Syrrx's high-throughput image-scanning robot. Credit: AARON FELDMAN

Mapping the detailed atomic structure of a target protein is vital for identifying drug candidates that can bind with it. Elucidating protein structure by crystallography has for years been a laborious operation carried out by specialists, but automation is now beginning to bring the process up to the speeds demanded by high-throughput systems.

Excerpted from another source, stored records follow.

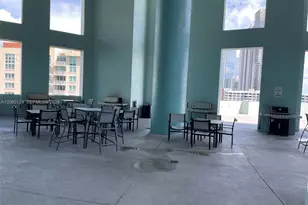 1900 N Bayshore Dr, Miami, FL 33132 - Photo 17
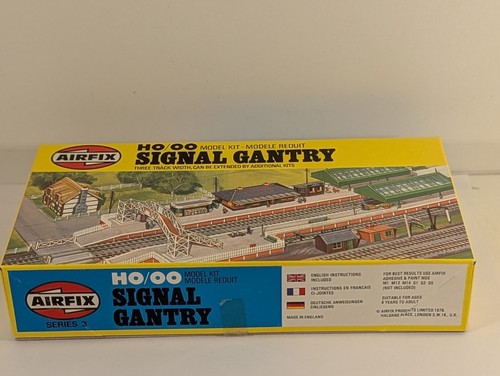 Airfix signal gantry - airfix,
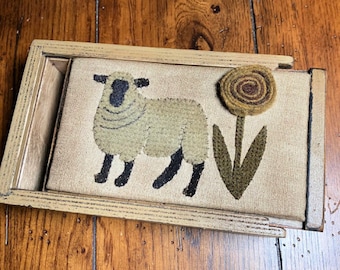 Kit Wool Applique Sheep Quillie Flower Box with Sliding Lid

Automated crystallography systems for the general research market have been available for some time from specialists such as Tecan in Männedorf, Switzerland, and BSI Proteomics of Gaithersburg, Maryland. But dedicated drug-discovery companies are now forcing the pace, with the vast majority of commercial protein crystallography done by just two companies, Syrrx and Structural GenomiX, both based in San Diego.

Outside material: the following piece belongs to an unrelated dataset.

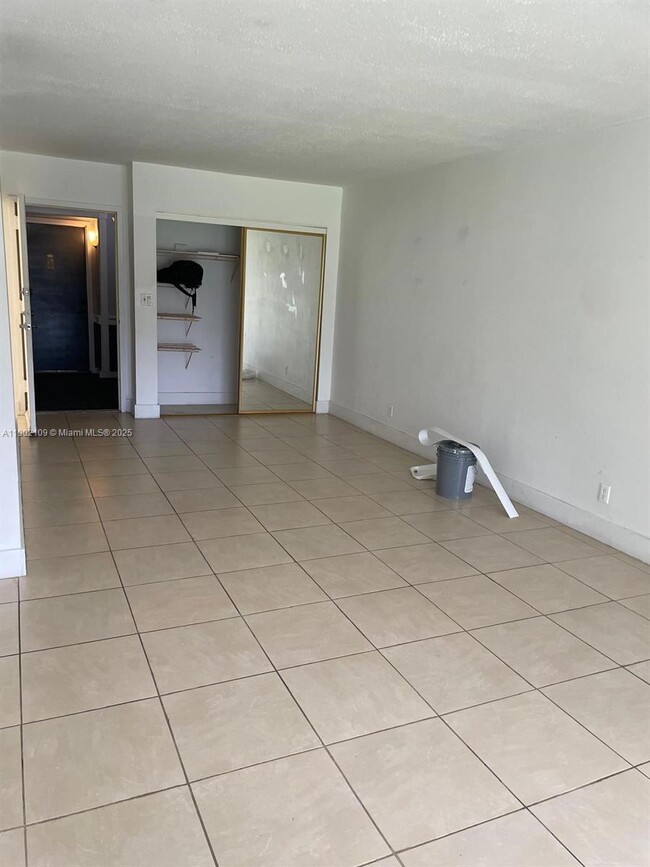 Building Photo - 3125 Oakland Shores Dr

Syrrx wants to automate every stage of protein-structure determination. It deploys a family of whimsically named robots, beginning with a high-throughput robot called Sonic Hedgehog that can purify about 100 proteins in five hours. The proteins are then crystallized by Agincourt, a robot named for English king Henry V's application of superior technology to overcome extreme odds. Agincourt crystallizes proteins from droplets of just 50 nanolitres, about a fortieth of the volume of previous systems. “Everything is miniaturized,” says business development director Ned David. “These droplets enable our whole approach to work in a way that is economically feasible. You can't do nano-drops without automation because you can't set your pipette for 50 nanolitres.”

To match the demands of Agincourt, Syrrx has two imaging-station robots called Fort Knox and Fort Bliss, each capable of scanning over a million images a day for suitable protein crystals. These are then taken to Syrrx's dedicated synchrotron beamline at the Advanced Light Source in Berkeley for X-ray diffraction. Data are collected by another robot called Robohutch, which David says can increase throughput at this stage tenfold.

There is still scope for further automation, particularly in the first stages of protein production. Syrrx is investigating how more mammalian proteins can be made in eukaryotic cell systems, rather than from genes cloned in bacteria.